## EXERCISE
Exactly the lines from the one with "Usata Mercedes C220" through the final line of the entries, and nothing else, should appear in the answer; no pictures go in it.

## RECORDS PROVIDED
--
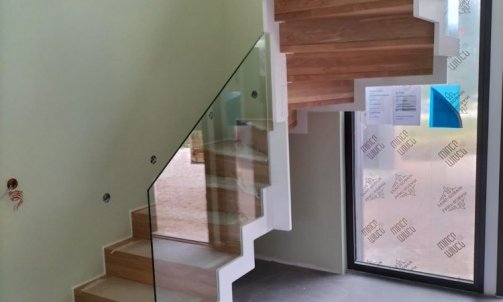 Escalier sur mesure métal et bois avec contremarche 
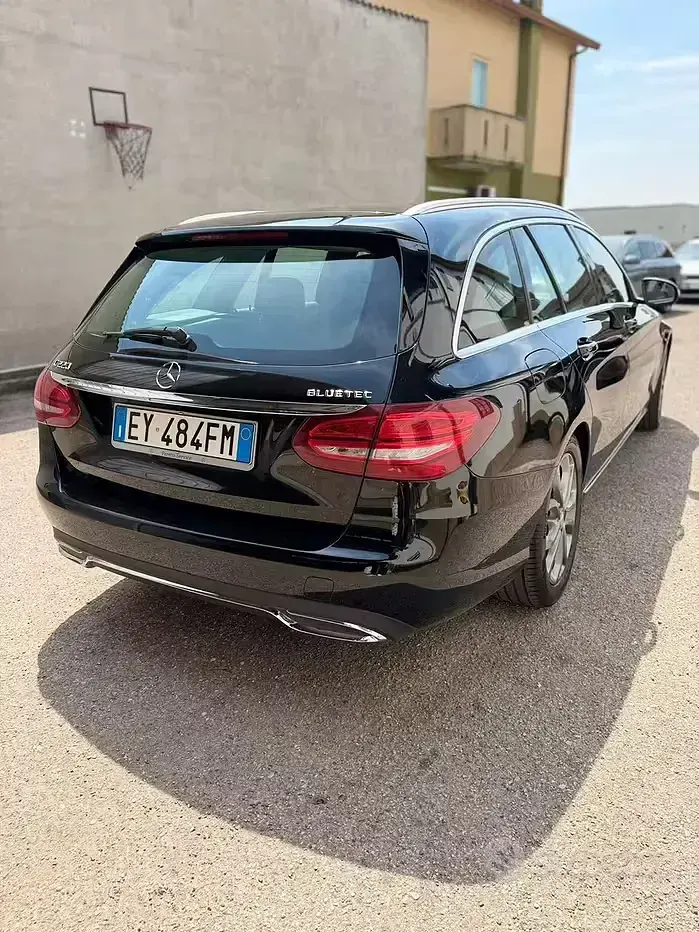 Usata Mercedes C220 Premium 170 CV (125 kW) 2015 Nero Station wagon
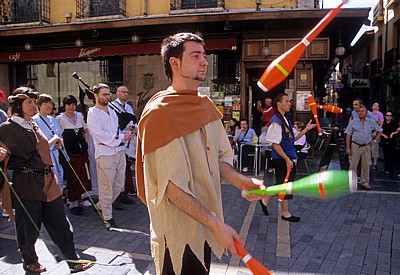 Altstadt: Umzug in der Calle Ancha (Festividad del Corpus Christi) - León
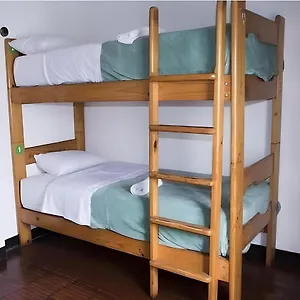Center - Unique Bed Space 阿布扎比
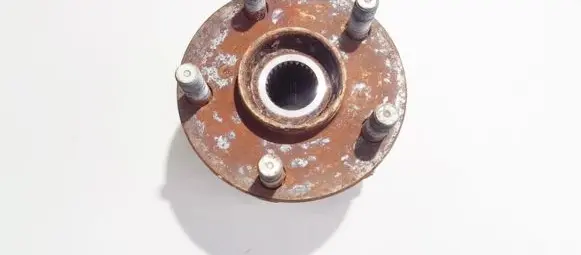 Subaru Impreza III Rear wheel hub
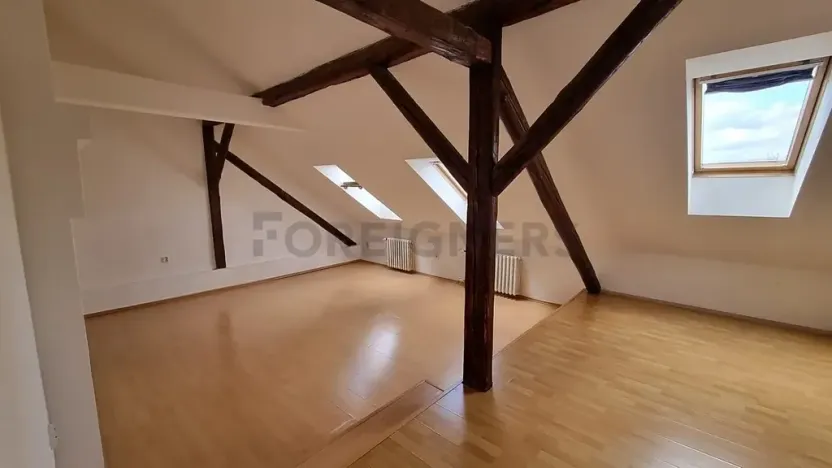 Pronájem bytu 2+kk, Pardubice, Za Pasáží, 90 m2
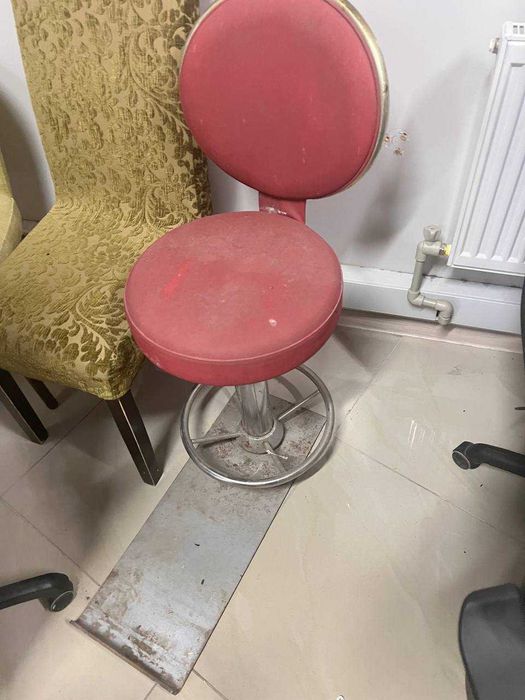 РАСПРОДАЖА офисной мебели  кресла руководителя стулья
--
## TASK ANSWER
 Usata Mercedes C220 Premium 170 CV (125 kW) 2015 Nero Station wagon
 Altstadt: Umzug in der Calle Ancha (Festividad del Corpus Christi) - León
Center - Unique Bed Space 阿布扎比
 Subaru Impreza III Rear wheel hub
 Pronájem bytu 2+kk, Pardubice, Za Pasáží, 90 m2
 РАСПРОДАЖА офисной мебели  кресла руководителя стулья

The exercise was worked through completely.